Throughout those tense few moments, he'd struggled with himself as well. When it came to fighting Dark Ones, pausing to question or think was a dead angel waiting to happen. He was prepared to kill. Trained to do it.

It must have shown on his face, for when he moved forward, her gaze lifted, focused on the daggers he'd drawn.

"If you kill me, kill me as I am. Don't kill me as one of them." Her voice was hoarse, but she managed to float upright, though she was unsteady even against the current inside the ship. "I'm Mina, daughter of the seawitch Inanna, descended from five generations of seawitches of Neptune's realm. If I die, I die as that, not as the filth that raped my mother."

As her stiff lips moved, one eye went from red back to blue, while the other remained crimson. David forced himself to take a breath, his violent reaction settling into a backseat. Deliberately sheathing the daggers, he started toward her. She had courage, for she didn't move, just tilted up her chin as he drifted closer. Her hair continued to float around her features, giving him a steadying desire to gather it. He could remember how it had felt, blooming with the fullness of water, passing over his fingers. That moment was separate from what he'd just seen. Just as that beast was separate from her.

"I'm not going to kill you, Mina," he said at last. "However, if you ever do something like that detonation spell again, I'll do something far worse."

"What?" Her brow drew down when he leaned in. He noticed she couldn't keep her attention off of his mouth, making him want to do all sorts of absurd things to her with it. Absurd, since she'd just tried her best to maim him, and demonstrated that there was more Dark One in her than any other angel would tolerate.
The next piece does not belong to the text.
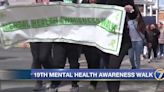 Mental Health Awareness Walk is next week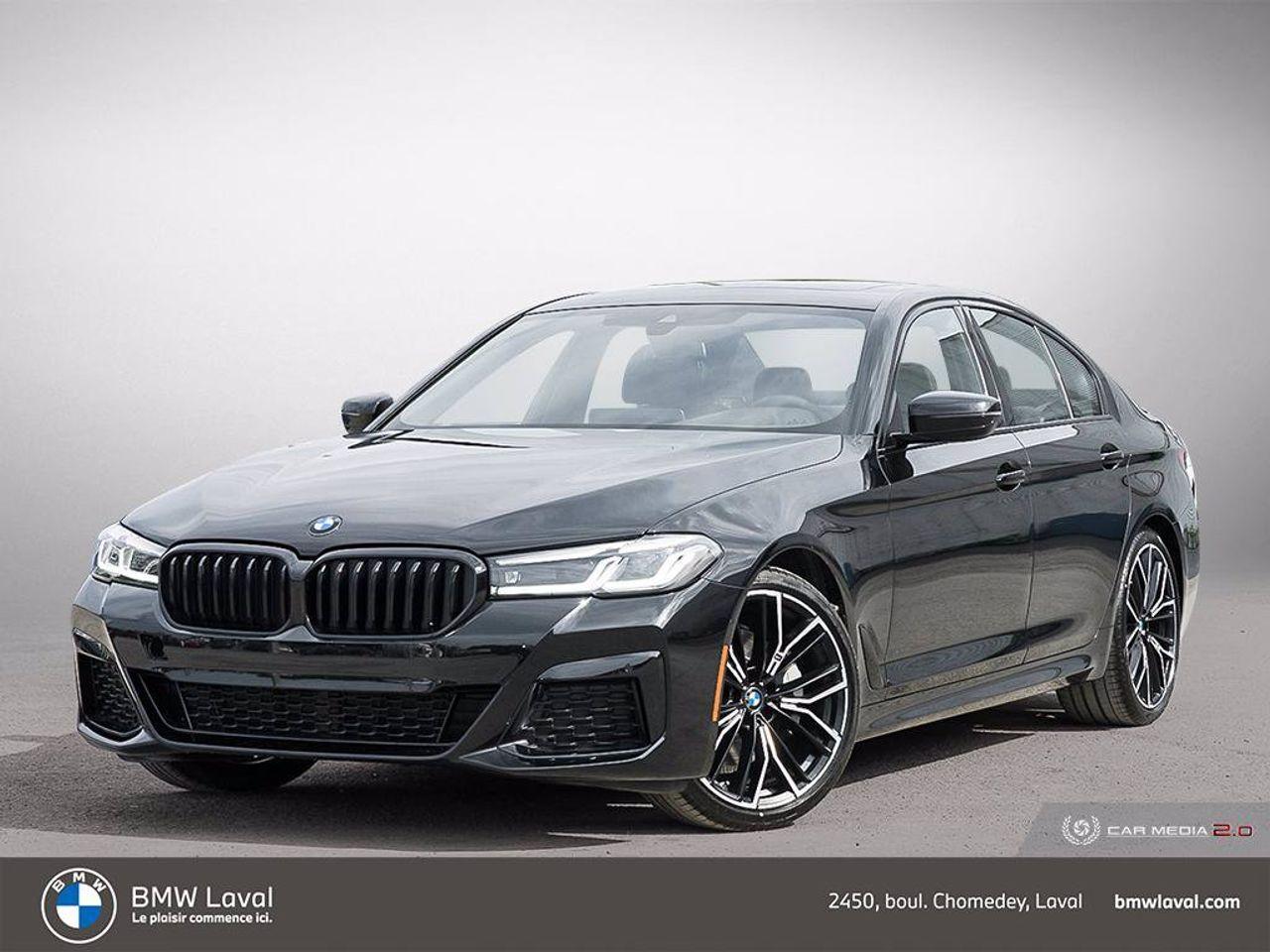 2021 BMW 5-Series 530i-0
But she could have left him, and she didn't. She'd treated his wound, watched over him and waited for him to wake. He didn't think it was because she feared the retribution of the Dark Legion, as she'd said.

This was Mina, with the perpetual frown line between her brows and a suspicious, wary look he found a challenge to replace with other expressions, like the faint flicker of panic as he got closer to her face, her lips. A lock of her hair floated over his cheek, caressed his shoulder, and her eyes followed it as if she wished it could be her fingers. Or maybe that was just his wish.
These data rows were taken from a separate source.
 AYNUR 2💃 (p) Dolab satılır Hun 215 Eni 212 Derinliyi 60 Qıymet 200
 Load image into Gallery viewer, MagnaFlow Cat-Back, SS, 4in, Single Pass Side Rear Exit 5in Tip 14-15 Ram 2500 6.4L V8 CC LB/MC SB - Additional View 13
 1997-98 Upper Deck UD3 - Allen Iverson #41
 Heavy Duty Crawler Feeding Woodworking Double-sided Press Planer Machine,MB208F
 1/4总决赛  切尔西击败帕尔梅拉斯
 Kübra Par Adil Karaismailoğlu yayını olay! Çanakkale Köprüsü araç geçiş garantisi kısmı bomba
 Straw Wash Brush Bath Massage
"I will put you over my knee and spank you."

Her gaze snapped up to him, shock coursing over her features. "You're... not teasing me."

"No." He was satisfied to see he'd come up with a threat that had caught her off guard, but captured her attention. He was tempted to do it right now. "So don't forget. Now, you said we needed to deliver a potion. Tell me about that."

Five

"THIS is going to be a bad idea," David commented as they set out from the Graveyard some time later. Mina carried her potion in a carefully prepared packet she had strapped beneath her cloak.

"You're welcome to stay here and preen," she pointed out. "I can handle a Dark One attack."

He shot her a look. The irritability and disdain were back in full measure, as if the trembling and uncertain female with soft lips and eager body had never existed.

"Preening? If your opinion of angels gets any higher, I might blush."

"If you don't blush from wearing that excuse for clothing, I doubt any flattery from me will cause it."

"I was going to go for the ghoulish cloak look, but apparently there was a run on them. This was all they had at the mall."

When she narrowed her gaze at him, he noted she understood what a mall was. She'd taken in stride several of his comments that would have baffled his fellow angels. Somehow, she had a fairly good grasp of what occurred on land, and it didn't

all come from Anna.

"So if you're such an accomplished one-woman Dark One Destroyer"-he changed direction-"why haven't you asked Jonah to sign you up for the Dark Legion?"

"I don't look good in red." She glanced at the battle skirt. "And I'm afraid of heights." Turning away, she swam through a defile between two ships that would take them out of the Graveyard. "Most of your fights are in the sky, you know."

"Afraid of..." Feeling a sixth sense prickling at his neck, David turned. He caught a movement at the porthole of the freighter. Blinking, he realized it was the skeletal cat. It disappeared at his regard.

"Did you forget to turn something off?"